After years of public disenchantment with the BCS system, university executives have approved a plan to institute a four-team playoff system to determine the national champion, starting in the year 2014.

Here’s the scoop from ESPN:

The group of presidents also endorsed a rotation of the semifinal games among six bowl sites and a rotation of the championship game among neutral sites. The semifinals either will be played on New Year’s Eve or New Year’s Day, and the national title game will be played on “Championship Monday,” the first Monday in January that is six or more days after the final semifinal game is played.

“A four-team playoff doesn’t go too far; it goes just the right amount,” said Virginia Tech president Charles Sterger, chair of the presidential oversight committee. “We are very pleased with this arrangement even though some issues & remain to be finalized.”

There will be three contract bowls — the Champions Bowl, which is a partnership between the Big 12 and SEC, the Rose Bowl, which has a longstanding tradition between the Big Ten and Pac 12, and a bowl to be determined for the ACC, which is likely to continue its partnership with the Orange Bowl.

“In terms of our contract bowl, and our New Year’s Day tie-in, we expect to have an announcement on that jointly in the very near future,” Swofford said.

The three other bowls, called “access bowls,” have yet to be determined, but the decision will force the Sugar Bowl and Fiesta Bowl to become bidders…

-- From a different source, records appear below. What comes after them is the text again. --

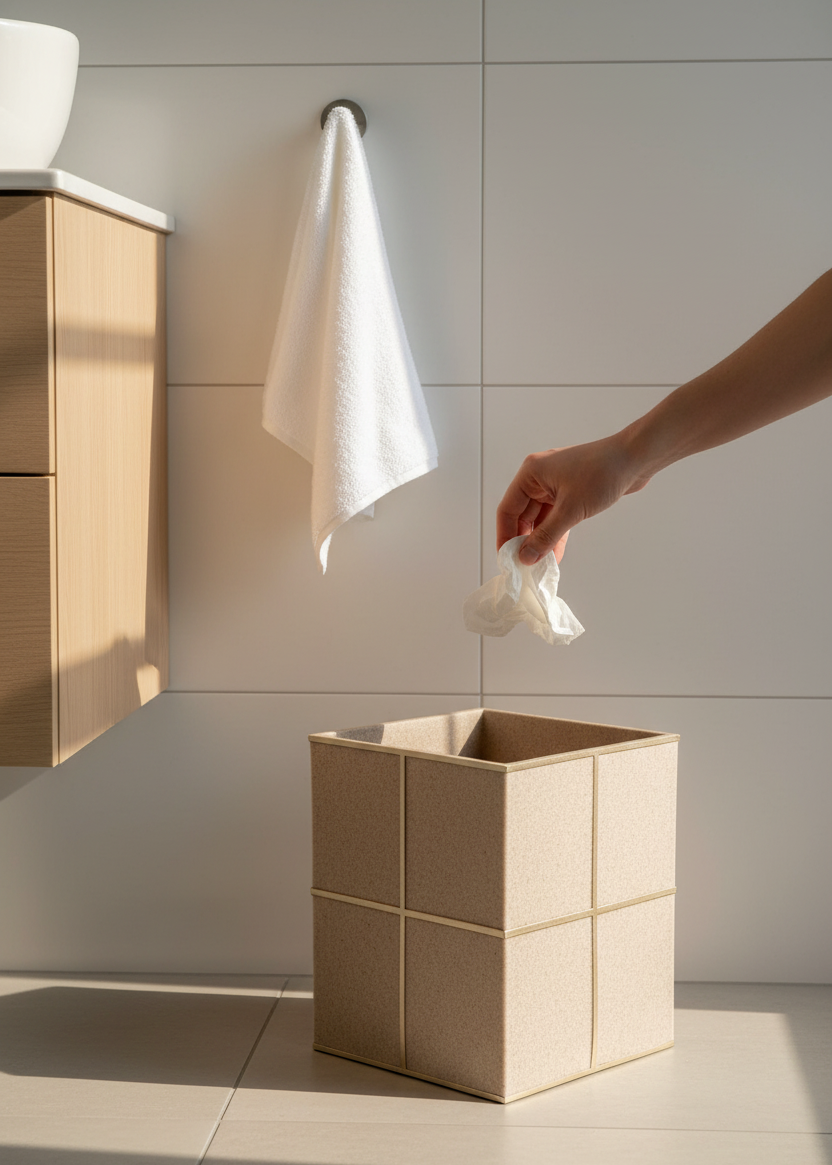 Axia Dustbin - Beige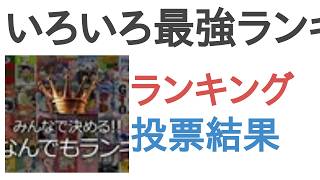 いろいろ最強ランキング(アニメ、マンガ、ゲームなど)？【評価・感想・考察】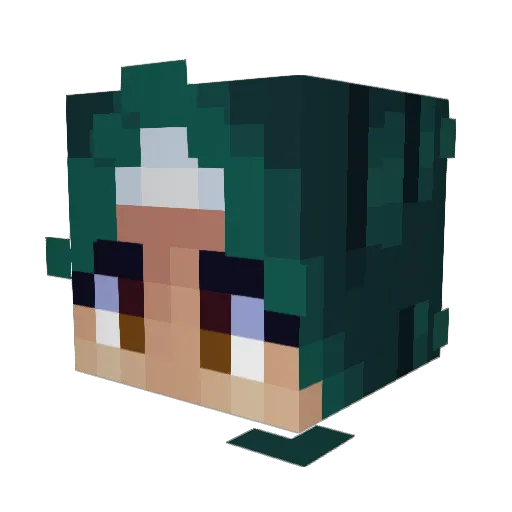 doyeee Minecraft avatar head, 3D render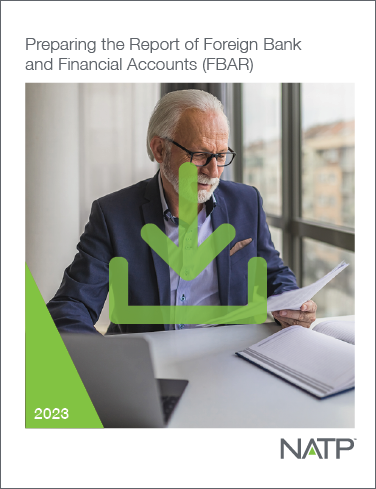 Preparing the Report of Foreign Bank and Financial Accounts e-book (2023)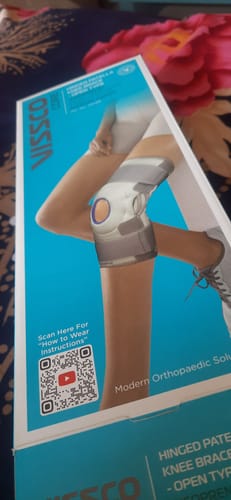 Customer photo review of Neoprene Hinged Patella Knee Brace | Provides moderate support & stability to the Knee - (OPEN TYPE) - Grey (Single Piece)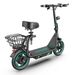 BOGIST M5 Pro 12 Inch Electric Scooter with Seat and Cargo Carrier - 500W Motor 13Ah 48V Battery_desvips.com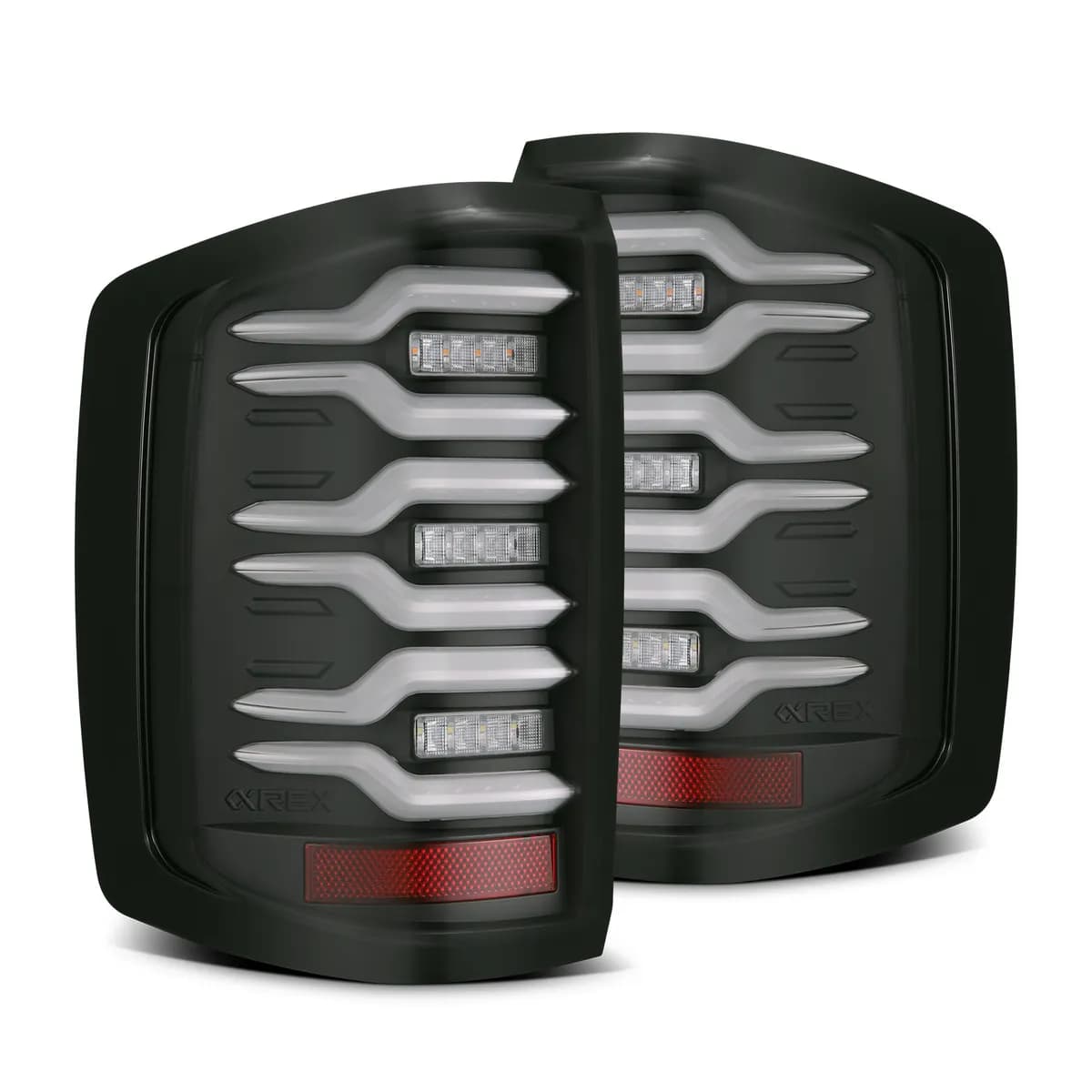 1418 Silv 1500/1519 Silv 2500/3500hd/1519 Sierra 3500hd Luxxseries LED Tail Lights Blk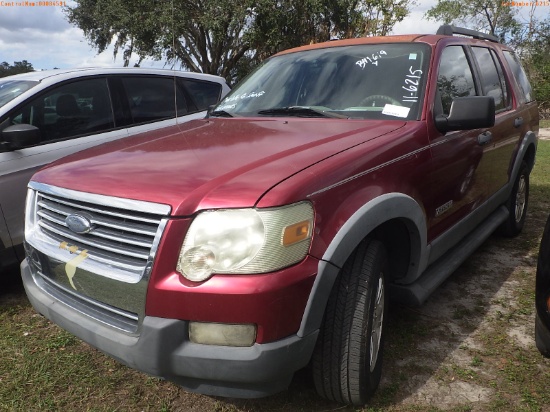 11-06215 (Cars-SUV 4D)  Seller: Gov-Charlotte County Sheriffs 2006 FORD EXPLORER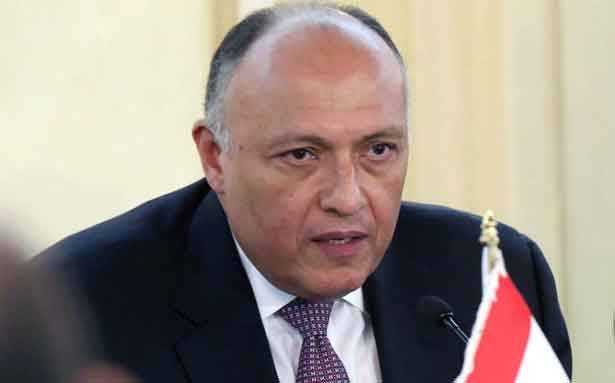 وزير الخارجية المصري : الارهاب وصف لبعض الاعمال وليس لحزب الله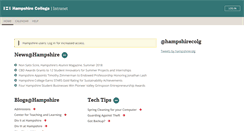 Desktop Screenshot of intranet.hampshire.edu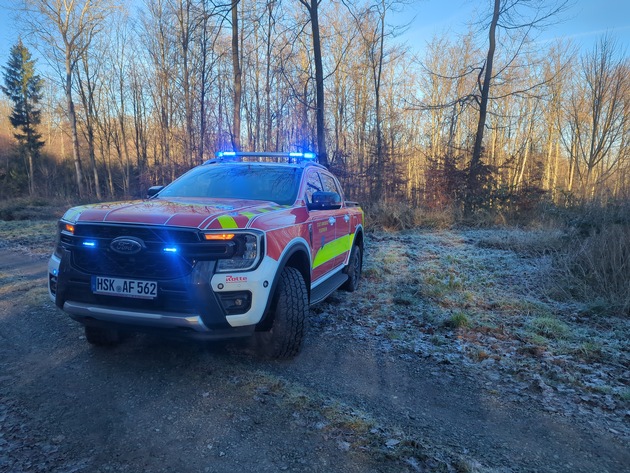 FW-AR: Ford Ranger ergänzt Arnsberger Feuerwehr-Fuhrpark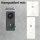 iSecur Acryl Blende personalisiert Premium weiß - Passend für Aqara Doorbell Camera Hub G410 - Edle Türstation-Platte 260x100 mm - Klingelschild mit Wunschdruck I az290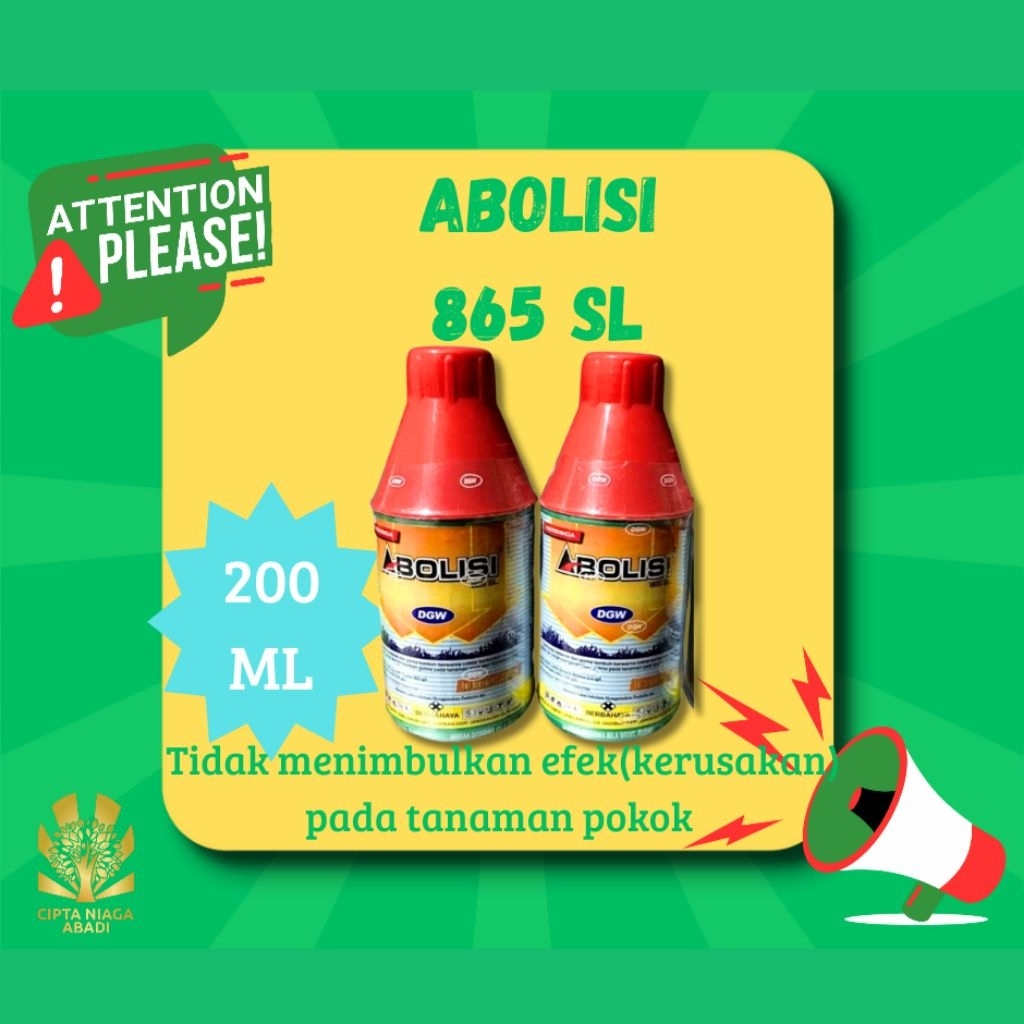 Herbisida Sistemik Selektif ABOLISI 865 SL, 200ml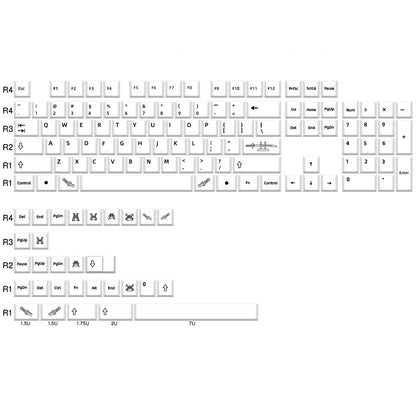 GMK Honor Keycap Set, Cherry Profile, Dye Sub PBT Key Cap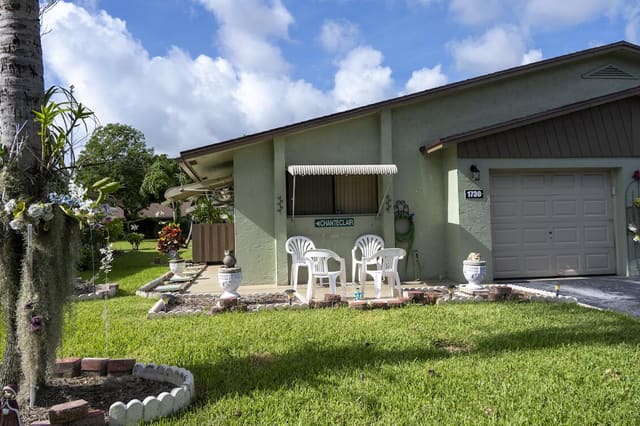 1730 Palmland Drive, sold in Chanteclair Villas Condo One, Boynton Beach, FL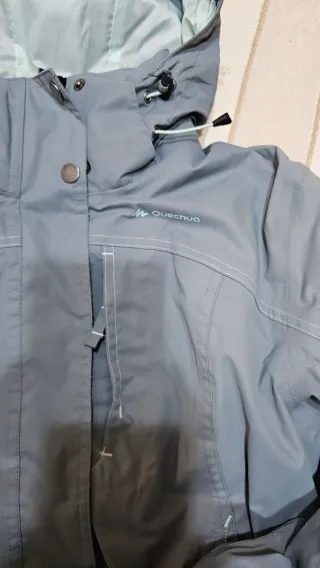 Cazadora impermeable Quechua gris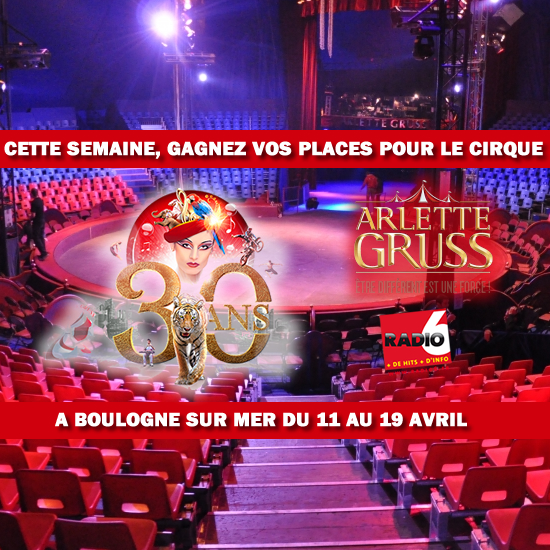 Gagnez vos invitations pour le Cirque Arlette Gruss à Boulogne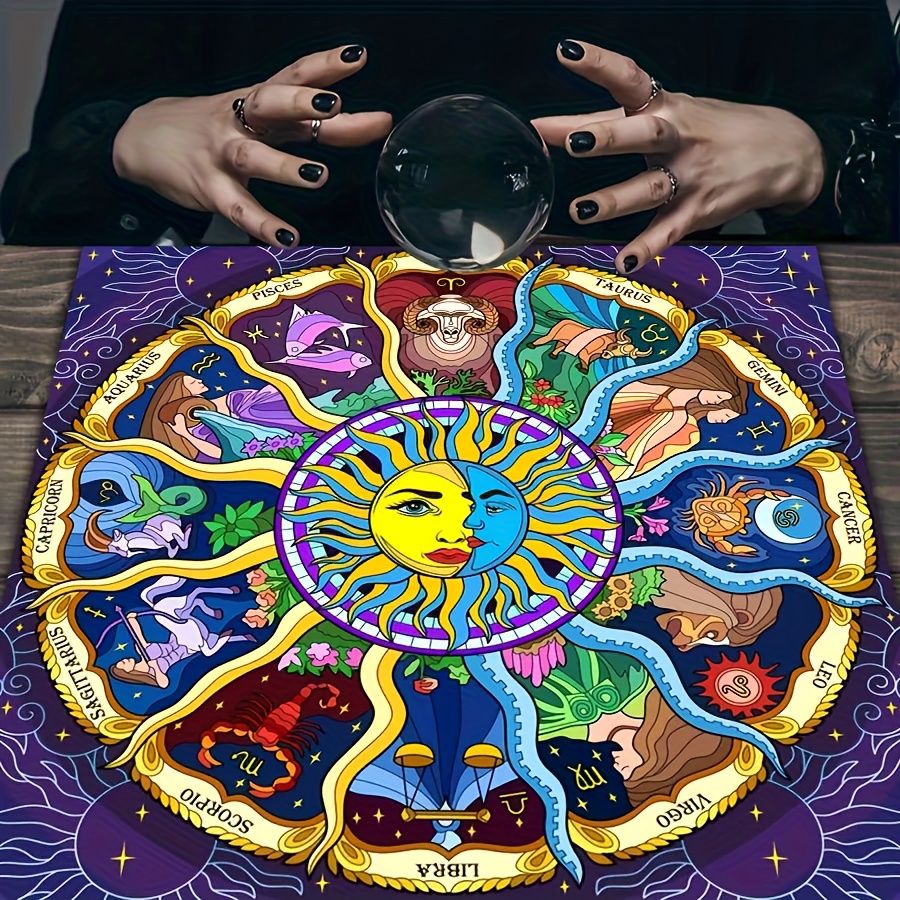 1PC Tarot Card Tablecloth, Mys - Party Games Mystery review and price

I have mixed feelings about this. For one thing, there are always going to be people who are disappointed with the way college football championships are decided. This new system won’t change that. There will still be deserving teams who don’t qualify to be in the top four–just because they come from a tough conference. There will still be debate about whether the best teams got a fair shot at the title. TRUST ME–the controversy is not going away. But what will happen is that colleges and sports networks will rake in millions more in revenues.

This is just one more step toward the professionalization of televised college sports, which long ago embraced big money and adhered to the ideals of “amateur athletics” only as a facade. Why not pay the athletes if others are going to make millions off of them? Yes, they get full scholarships, but if we are going to have them playing in big time televised playoff games-thereby extending the playing season even further into the winter–maybe it’s time for universities to compensate their players, as Steve Spurrier has suggested.